If I had to choose a piece of Bathgate's scenery I would pick the contrast between the colours of the swans and the pelicans in The Sydney Exhibition, 1879, “The only fleet a flock of dusky swans, | Which, near some fearless white-plumed pelicans | Swam stately on the quiet water's breast” -- only I want the contrast jammed closer, eg: “For sweetest things turn sourest by their deeds” (Shakespeare, Sonnet 14, the line itself turning on the word “turn”), “fruitful strifes and rivalries of peace” (Tennyson, Idylls of the King), or in Hill's Funeral Music, “fastidious trumpets,” even “grim fatuous clown,” from First Dog On The Moon's cartoon about Joe Hockey, the closeness that is also part of jokes and jump cut edits, things close together seeming exciting by proximity, proximity being the arena in which events take place, change wrought, attacks carried out; the possibilities fly open; the poem should be shocked by the surprising contrast of white and black animals on the water.

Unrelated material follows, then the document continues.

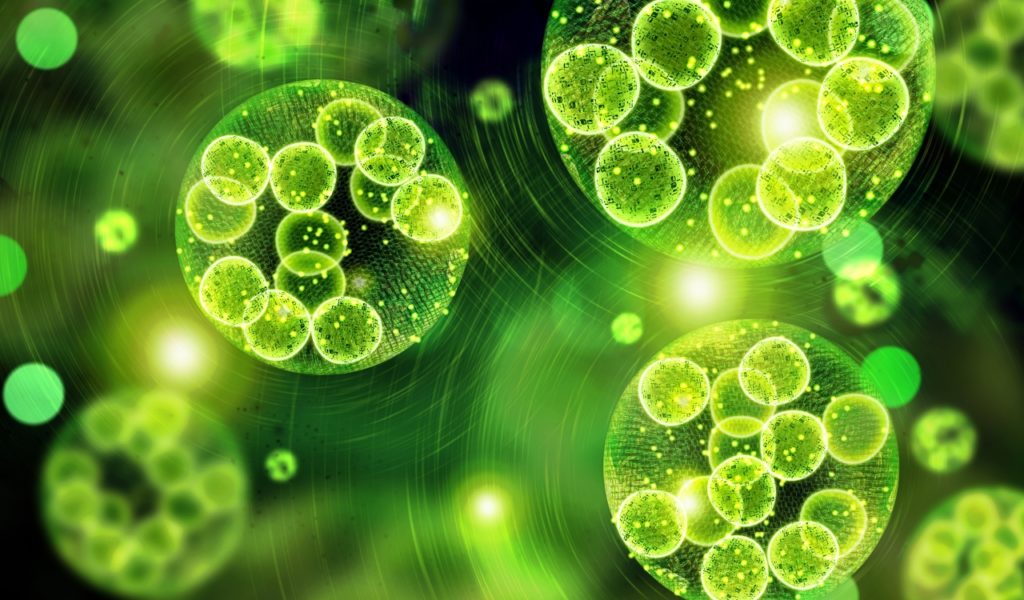 Green Single Cell Organisms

Note that the colours haven't been mined any further by the author, who, in this narrative scene, is envisioning the First Fleet coming to Botany Bay, obvious, you'd think, obvious, the “poor native black” standing there a little way earlier in line six, looking at him, asking to be transposed into the swans, but does Bathgate think that way? Is that what “fearless” next to “white-plumed pelicans” is trying to do? The British have come and they are fearless, etc, to lead on from the earlier description of “the first daring English wand'rer” in line two?
A century complete has scarcely passed
Since the first daring English wand'rer stood
Upon this favoured ground where now we stand.
Bathgate is so gentle I can't tell. Question though: why does he give the pelicans credit for being fearless, on that quiet bay without the swans threatening them or the ships coming too close, or any other thing trying to attack? Does the act of water-riding seem terrifying in and of itself, to the mind of Alexander Bathgate, even if the water is quiet, and therefore is this act always performed either fearfully or fearlessly, in that same mind?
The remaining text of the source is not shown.